Similarly, Mission: Catching the Train, which clocks in at nearly three minutes, is a facile glimpse at how the moviemakers created the finale involving a train, a helicopter and some gargantuan suspension of disbelief.

Perhaps the most interesting extra is the Mission: International Spy Museum. Did you even know there is an International Spy Museum? Well, there is, and its executive director, Peter Earnest, escorts viewers through this fascinating Washington, D.C., facility. While I'm not really sure why this six-minute tour is included on the disc -- does anyone think Mission: Impossible is even remotely representative of actual spy work? -- it shows all sorts of real-life gadgetry, from a poison-injecting umbrella to a transmitter concealed in fake dog poop.

Also worth watching is Mission: Spies Among Us, which includes interviews with several former CIA spies about what their work entailed. With the exception of some talk concerning the CIA's harebrained schemes to take out Fidel Castro in the 1960s (including the hairbrained plan to make his beard fall out, thereby humiliating him), the short is not exactly illuminating. After all, ex-spooks probably aren't eager to spill many tricks of the trade. Nevertheless, the eight-minute featurette scores points for topicality, touching upon the recent Valerie Plame controversy to illustrate how important it is that an undercover agent's identity not be compromised. No word on whether Scooter Libby ever saw Mission: Impossible.

After that, the quality of the bonus features tapers off considerably. Agent Dossiers is a throwaway bit, fictitious dossiers on the movie's IMF team members. Um, next …

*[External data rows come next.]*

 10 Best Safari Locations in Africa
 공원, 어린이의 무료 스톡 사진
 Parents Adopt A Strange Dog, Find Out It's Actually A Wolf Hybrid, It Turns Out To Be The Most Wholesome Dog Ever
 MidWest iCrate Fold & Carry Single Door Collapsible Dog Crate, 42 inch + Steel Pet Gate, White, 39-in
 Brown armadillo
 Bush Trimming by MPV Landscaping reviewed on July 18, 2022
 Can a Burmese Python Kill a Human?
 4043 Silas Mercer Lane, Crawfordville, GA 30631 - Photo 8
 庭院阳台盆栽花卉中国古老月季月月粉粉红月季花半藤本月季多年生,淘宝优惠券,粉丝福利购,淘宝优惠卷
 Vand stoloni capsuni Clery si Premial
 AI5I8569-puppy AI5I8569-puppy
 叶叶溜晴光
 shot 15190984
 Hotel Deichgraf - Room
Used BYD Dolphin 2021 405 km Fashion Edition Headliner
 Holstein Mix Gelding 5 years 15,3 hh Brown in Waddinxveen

Do you like acceptance speeches? If so -- and God help you if you do -- you're in luck. Among the extras is Cruise's three-minute acceptance speech for the 2005 Stanley Kubrick Britannia Award for Excellence in Film from the British Academy of Film and Television Arts (BAFTA)/Los Angeles. The DVD also includes Excellence in Film: Cruise, a three-minute montage of the actor's onscreen work. Among the accompanying music clips are the Rolling Stones' "Sympathy for the Devil" and Richard Strauss' "Also Sprach Zarathustra," a composition that was inspired by Friedrich Nietzche's "Superman." Was BAFTA trying to tell us something about that that Top Gun ego?

Never let it be said that you can have too many acceptance speeches. The DVD also boasts Cruise's acceptance speech last year for the MTV Generation award. Pop culture junkies will enjoy the cringe-inducing banter between Tom and Katie Holmes, who introduces Cruise. Oh, and there is another three-minute montage of Cruise clips entitled Generation: Cruise. Yawn.

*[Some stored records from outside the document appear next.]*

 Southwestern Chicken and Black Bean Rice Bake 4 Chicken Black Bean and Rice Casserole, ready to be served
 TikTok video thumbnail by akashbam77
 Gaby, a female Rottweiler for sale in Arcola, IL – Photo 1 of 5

Theatrical trailers include one teaser for M:I, one trailer for M:I and one teaser for M:I:3. Nine TV spots are also available. Finally, there is an exhaustive photo gallery. Does anyone actually clamor for stills on DVDs?

Final Thoughts:

Really a mixed bag. While Mission: Impossible - Special Collector's Edition ladles on the extras, only two featurettes hold much interest, and even they are only peripherally related to the movie. All in all, this retooled DVD is a bit of a disappointment.